By Edward J. Lis
It is inspiring to see how many people are motivated to donate their time and money to help those less fortunate than them. Doing good deeds gives us a genuine sense of gratification that we have made a difference, but sometimes makes us think: Is there something else that we can do to make an impact on their lives in a more long-lasting way?
Charity often involves providing material assistance to others in need. Yet Pope Benedict reminded us in his first encyclical, Deus Caritas Est, that true Christian charity ultimately has a deeper purpose and goal – I give myself to others in love, so that they in turn are renewed in hope for a better future.
Recently 25 women were acknowledged for successfully completing a child care training program delivered by Casa del Carmen in North Philadelphia.
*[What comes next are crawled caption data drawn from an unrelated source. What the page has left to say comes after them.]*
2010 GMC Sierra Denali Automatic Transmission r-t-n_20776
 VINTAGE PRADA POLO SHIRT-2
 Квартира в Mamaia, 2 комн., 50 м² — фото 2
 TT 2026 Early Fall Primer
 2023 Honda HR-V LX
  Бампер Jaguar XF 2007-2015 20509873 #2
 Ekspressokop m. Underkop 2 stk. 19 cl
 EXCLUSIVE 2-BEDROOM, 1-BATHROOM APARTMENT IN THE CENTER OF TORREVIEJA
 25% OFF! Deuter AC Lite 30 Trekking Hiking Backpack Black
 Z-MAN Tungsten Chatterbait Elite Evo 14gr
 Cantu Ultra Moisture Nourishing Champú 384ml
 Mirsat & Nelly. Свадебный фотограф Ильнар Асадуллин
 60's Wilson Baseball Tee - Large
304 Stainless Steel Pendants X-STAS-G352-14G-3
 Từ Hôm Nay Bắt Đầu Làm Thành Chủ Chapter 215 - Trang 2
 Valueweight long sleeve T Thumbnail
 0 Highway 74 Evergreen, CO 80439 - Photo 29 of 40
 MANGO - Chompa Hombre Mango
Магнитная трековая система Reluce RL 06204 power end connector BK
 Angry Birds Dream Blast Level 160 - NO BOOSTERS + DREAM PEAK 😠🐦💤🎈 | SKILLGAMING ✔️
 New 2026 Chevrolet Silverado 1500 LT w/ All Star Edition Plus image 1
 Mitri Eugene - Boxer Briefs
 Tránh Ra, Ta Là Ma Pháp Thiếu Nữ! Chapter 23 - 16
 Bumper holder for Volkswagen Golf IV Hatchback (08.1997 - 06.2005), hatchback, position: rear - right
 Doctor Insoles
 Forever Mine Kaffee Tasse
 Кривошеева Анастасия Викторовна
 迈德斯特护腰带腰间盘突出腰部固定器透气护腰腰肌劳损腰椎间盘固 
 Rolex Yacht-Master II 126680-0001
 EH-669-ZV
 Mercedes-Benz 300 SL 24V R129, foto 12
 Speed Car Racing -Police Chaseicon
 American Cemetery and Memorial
Most of these women are bilingual, yet needed other marketable skills to find a good-paying job. CSS supplemented Catholic Charities dollars with a competitive grant awarded by the Philadelphia Workforce Development Corp. to help fund the training.
Despite the rigorous full-time schedule, all 25 women who began the program graduated. Staff members from Casa del Carmen are now assisting these women in securing jobs at day care centers and after-school programs in the area, with a number of successful placements already. During the reception after the graduation, the sense of pride and optimism for good things to come was evident on the many smiling faces.
Another 26 women were honored at the Mercy Hospice transitioning ceremony for their personal victories in substance abuse recovery and subsequent move back into the community.
The stories of transformation in the lives of these women, some with young children, were inspirational. One former Mercy resident spoke of her promise to herself to always “look up, not down, and look forward, not back.” After she finished speaking, her teenage daughter shouted out proudly, “That’s my mom right there!”
Many of these women are now working, others are pursuing college studies and a few plan to pursue careers in helping professions to “give back what they’ve received.” The keynote speaker was a former Mercy resident who has since earned a master’s degree from the University of Pennsylvania and is pursuing her doctoral degree. She said that with the help of Mercy Hospice, she rediscovered courage, resilience and hope.
The programs of Catholic Social Services exist to provide the kind of help that creates hope. In all we do, we strive to fulfill our Holy Father’s exhortation in his second encyclical, Spe Salvi, to be witnesses to the power of Christian hope that transforms lives.
Edward J. Lis is the director of Catholic Mission Integration for the Archdiocese of Philadelphia’s Secretariat for Catholic Human Services.